No filme “V de Vingança”, baseado nos quadrinhos de Alan Moore,
a sociedade ali retratada vive sob o domínio de um governo tirânico que, em
nome da “moral”, diz o que deve ser lido, assistido, informado e até a quem se
deve amar. O protagonista, um homem mascarado de codinome V, antes de praticar
uma série de atentados contra o governo ditatorial, leva uma jovem, Evie, até
uma galeria subterrânea onde estão inúmeras obras de arte, esculturas,
pinturas, vinis, filmes e livros que escaparam de serem incineradas pela
censura do governo.
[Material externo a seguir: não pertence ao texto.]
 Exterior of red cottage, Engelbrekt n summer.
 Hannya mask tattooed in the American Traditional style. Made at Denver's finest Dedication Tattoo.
Lá, empilhadas, está toda a cultura do mundo, que não pode
ser usufruída pela população por conter ideias “obscenas”, “subversivas” e “imorais”.
Saindo um pouco da ficção e entrando na realidade, a
História está pontuada de casos semelhantes: a Inquisição, o Nazismo e o
Comunismo já construíram fogueiras para destruir obras de arte que acreditavam
ser “impróprias” para o público que subjugavam. Artistas foram presos,
torturados e mortos devido ao que faziam. Ainda hoje há objetos de valores
inestimáveis desaparecidos. No Brasil, até onde se sabe, nunca se queimou nada;
entretanto, principalmente durante a ditadura militar, músicos, escritores e
jornalistas sofreram com a censura imposta pelo governo. Quase todos foram
exilados. E, passados mais de vinte e cinco anos do fim do governo dos
generais, o fantasma da censura volta a assombrar, e agora o seu alvo é um dos
autores mais queridos da Literatura Infantil brasileira.
Monteiro Lobato criou o Sítio do Pica Pau Amarelo durante a
Primeira República, quando o Brasil ainda construía uma imagem desvinculada da
de Dom Pedro II. Ambientada na zona rural, conta as aventuras dos netos de Dona
Benta, Pedrinho e Narizinho, no sítio em questão, sempre acompanhados da boneca
falante Emília e o sabugo de milho ambulante e muito sábio Visconde De
Sabugosa. “Caçadas de Pedrinho”,
publicado em 1933, tem como principal ação as peripécias das crianças atrás de
uma onça-pintada. Até aí, nada demais. O problema é que, segundo o Instituto de
Advocacia Racial (IARA), a obra de Monteiro Lobato é “racista”, devido a
personagem Tia Nastácia (que na história é empregada de Dona Benta). E sob tal
alegação, o IARA entrou com uma petição no Supremo Tribunal Federal (STF)
pedindo que a obra de Lobato seja banida das escolas.
Tal discussão parece tão inacreditável quanto a lenda da
Iara; observando-se o contexto histórico da obra (década de 1930), não é
difícil averiguar que, àquela época, a população negra ainda lutava por seus
direitos, e claro, contra os preconceitos de uma sociedade que não fazia muito
tempo, os oprimia. É impossível para qualquer escritor não se valer da
realidade para escrever seus romances, pois o papel da Literatura é justamente
esse, ser o retrato de uma época, de um povo, de seus costumes, de seus erros e
de seus acertos. Dizer que a obra de Lobato é racista é negar a luta dos negros
por igualdade num período em que a “liberdade” era restrita. Pedir que a obra
seja banida porque “não há como se alegar liberdade de expressão em relação
ao tema quando da leitura se faz referências ao negro com estereótipos
fortemente carregados de elementos racistas” soa a hipocrisia. Cabe aos
professores fazer a distinção entre o passado e o presente, é para isso que
existe a escola.
Em síntese, impedir que
crianças tenham acesso a um autor clássico como Monteiro Lobato é menosprezar a
inteligência e restringir o imaginário delas. Banir “Caçadas de Pedrinho” da
rede pública de ensino é uma ação por si só preconceituosa, e abre caminho para
que outras obras literárias também sejam banidas pelos mesmos, ou outros,
motivos. Não vai demorar muito para Alan Moore e sua galeria subterrânea se
tornarem obsoletos, dando espaço para George Orwell e seu Grande Irmão. Só
resta finalizar com o seguinte pensamento: a malícia, realmente, é inimiga do
discernimento – e quem sai perdendo com isso é a população.